The simplest way to do this is to seek out a home loan pre-approval before looking for property. However, not all pre-approvals are equal to others: Aussie Home Loans spokesperson Brooke Stoddart advises that you should ensure you get a 'fully assessed' pre-approval.
"Some lenders issue an automated pre-approval without any assessment," she comments. "This usually has a page of disclaimers and is pretty worthless."
Simply not considering all your options in the first place could derail your application. Different lenders offer vastly different loan amounts: Lender A may lend you $330,000, while Lender B will offer $370,000 and Lender C may not approve your home loan at all.
Therefore, it's important to be proactive once you've done your figures and know what you can honestly afford: don't limit your search to just one or two lenders.
Sheppard warns that you shouldn't just take the largest loan you can get, either.
"Don't be tempted to go with the one that will lend you the most, as you may quickly find out that you are stretched beyond your limits and need to sell up," she says. "Make sure you are aware of what commitment you can comfortably manage, with interest rates at this level and a couple of percentage points higher, and know your budget back to front."
8. Not getting the right loan structure
"A mistake many people make is they look for the lender with the cheapest interest rate and then try and change their position to fit that lender's policy," says Doobov. "That's like going to the $2 shop to buy a suit and then trying to tailor it to look and fit you better."
Doobov comments that it's much wiser to map out the desired loan structure and features first, and then start shopping around for lenders that will approve the loan structure at a low rate.
"This saves clients thousands of dollars, as they then have the right structured loan and it will cater for their needs now and well into the future," he adds.
Getting the right loan in the first place is particularly important for investors, who often need to make use of loan features like offset accounts and redraw facilities – and can save you from costly interest payments and refinances further down the track.
9. Dinky deposits
Several years ago, it was more than possible to buy a house without having to put any money down. However, the days of 100% home loans are gone, and almost all lenders require a home loan applicant to have a genuine savings deposit of at least 5% of the purchase price. Sometimes a lender will require even more.
While this may not be a problem for investors looking to leverage equity in their existing home, it can present problems for first-timers pulling together cash for an investment – especially when you factor in extra purchase costs (see below), which you may or may not be able to work into your loan amount.

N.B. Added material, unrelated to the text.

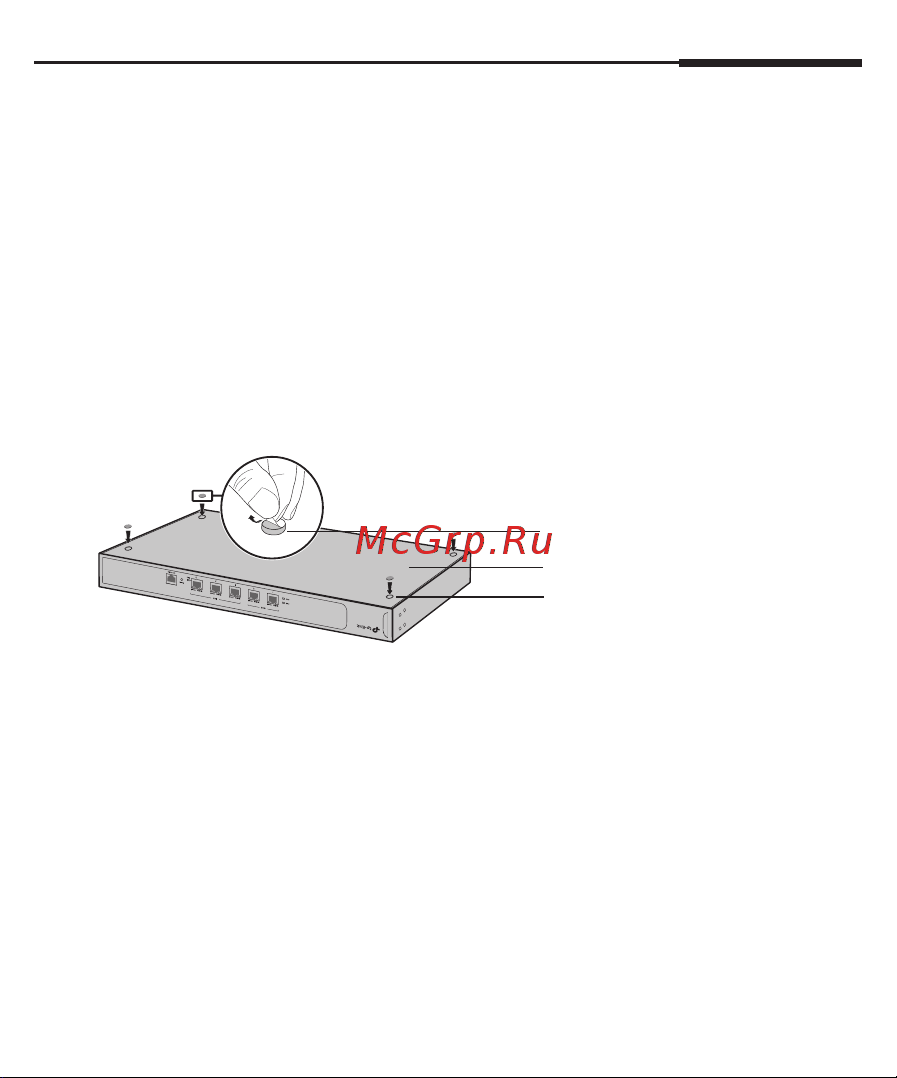 Tp-Link Omada OC200 10/100BASE-TX [47/80] Встановлення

The answer? Do your homework. Educate yourself about the market before you start looking for a property and get a handle on how much you really need before committing to a purchase – and then add a buffer of at least 5% on top. This applies whether you're using equity to fund the deposit or putting in hard-saved cash.
10. Purchase cost pain
As mentioned above, there are a wide range of purchase costs in addition to your deposit, including (but not restricted to): lenders mortgage insurance, stamp duty, legal costs, application fees, solicitor fees and inspection fees.
It's easy to forget all the fees that mount up, and they can easily derail your cash flow projections, says Doobov.
"You don't want to find out on the day of settlement that you are $30,000 short," he says. "Do a cash flow summary well before you exchange on a property to ensure that you have enough cash to fund the purchase and associated costs."
It might be a good idea to speak to friends, family, mortgage brokers or real estate agents, as they can help advise you about the costs you need to pay – and those that you don't. They'll also be able to give you an insight into ongoing costs, such as land rates, strata management costs, maintenance, insurance and property management.